• **Work required**: Leaving out every image, restate all the records word for word.

Data for this task: Begin

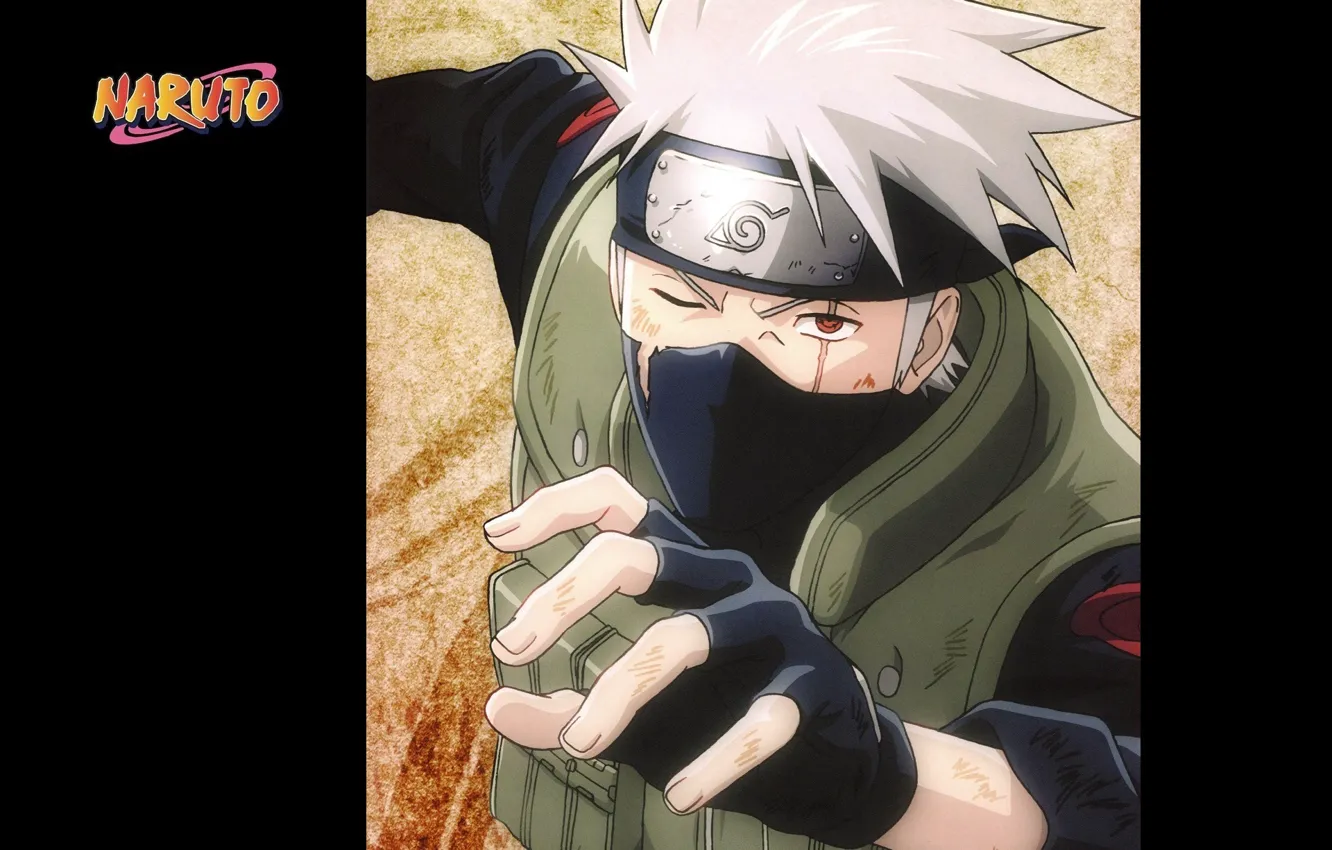 Фото обои рука, перчатки, повязка, Naruto, шрам, жилет, sharingan, ninja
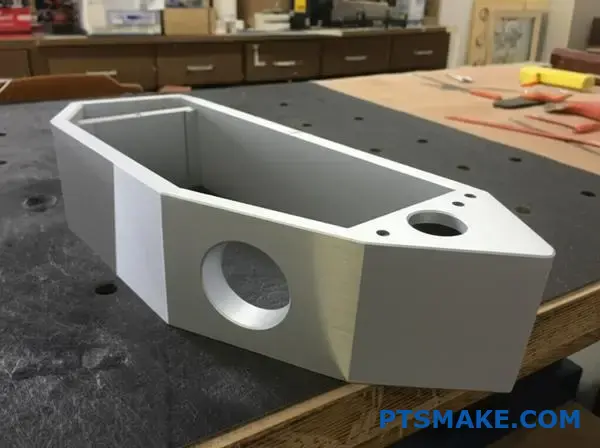 aluminum audio housing with CNC machined panels and variable wall thickness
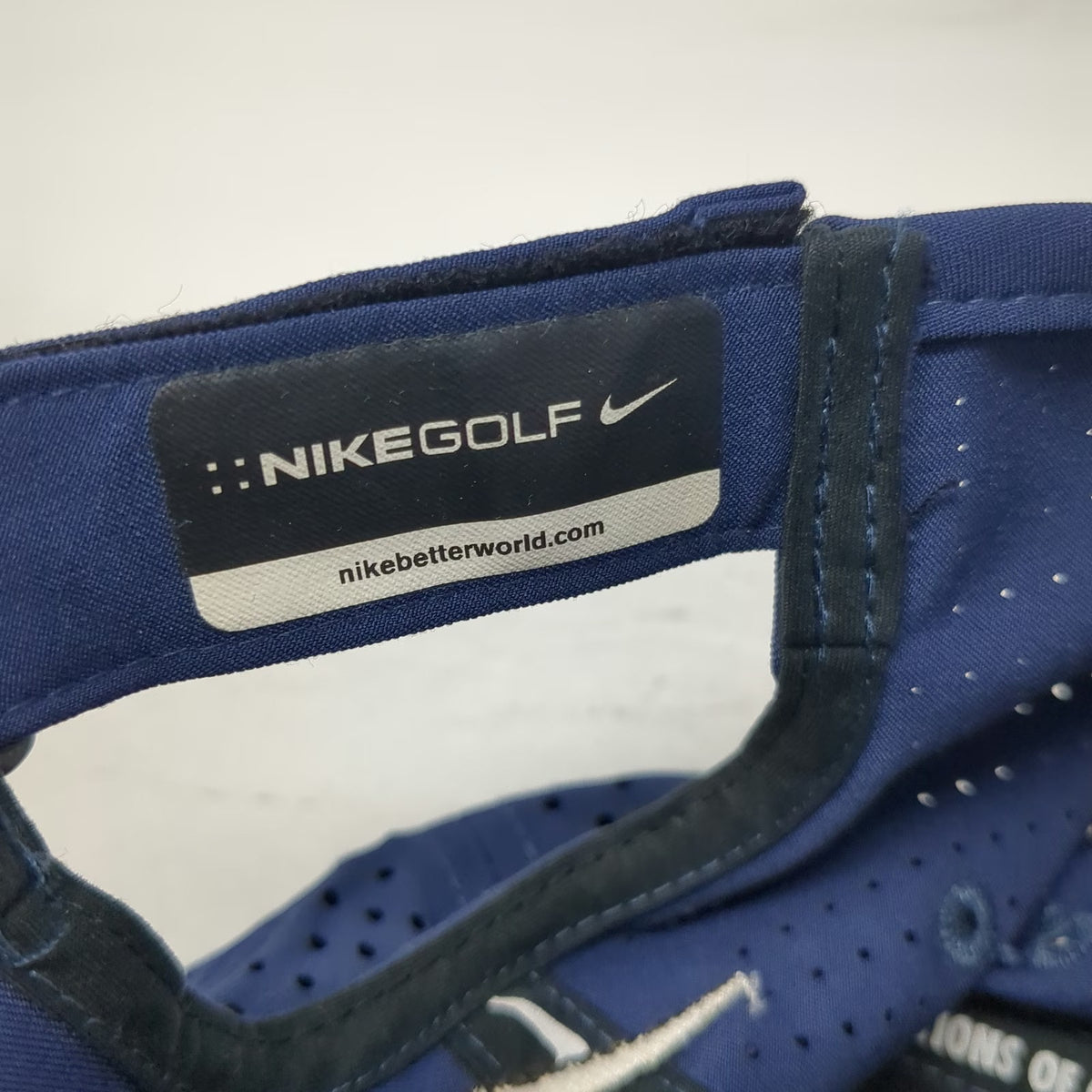 Nike Golf Baseball Cap Blue OSFM Tiger Woods TW Logo Strapback Hat Perforated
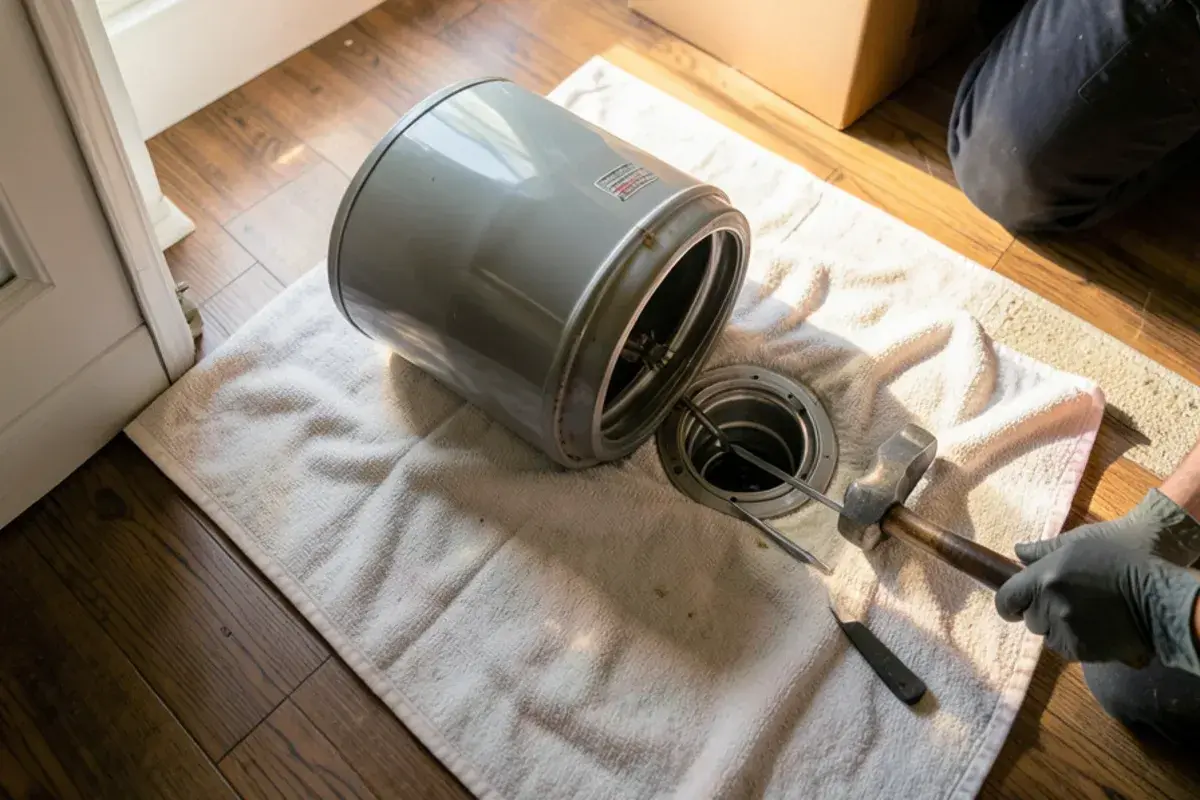 Screwdriver and hammer knocking out the dishwasher inlet plug on a new garbage disposal before installation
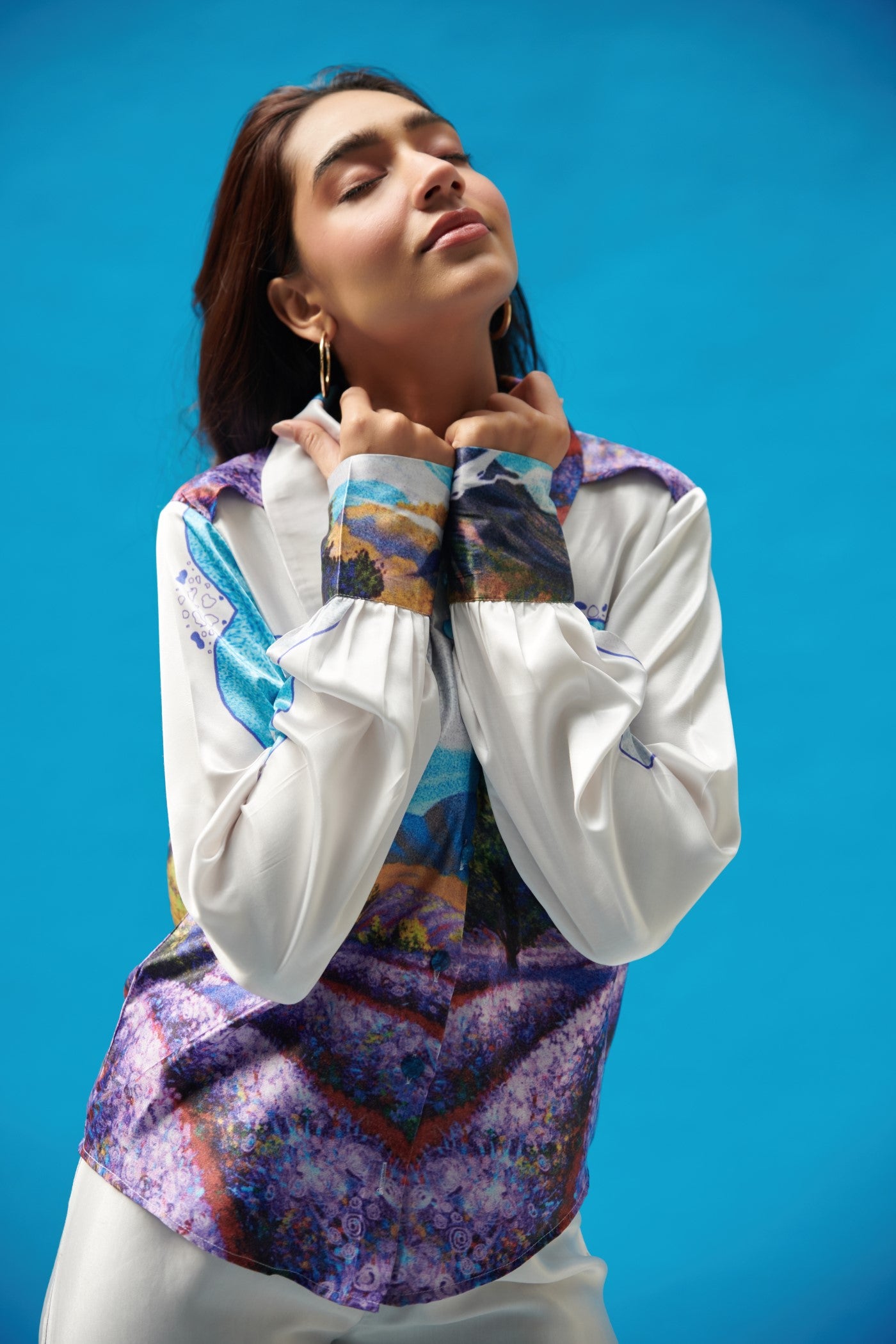 Long Collar Printed Shirt With Pants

Data for this task: End

• **Result of the exercise**:
 Фото обои рука, перчатки, повязка, Naruto, шрам, жилет, sharingan, ninja
 aluminum audio housing with CNC machined panels and variable wall thickness
 Nike Golf Baseball Cap Blue OSFM Tiger Woods TW Logo Strapback Hat Perforated
 Screwdriver and hammer knocking out the dishwasher inlet plug on a new garbage disposal before installation
 Long Collar Printed Shirt With Pants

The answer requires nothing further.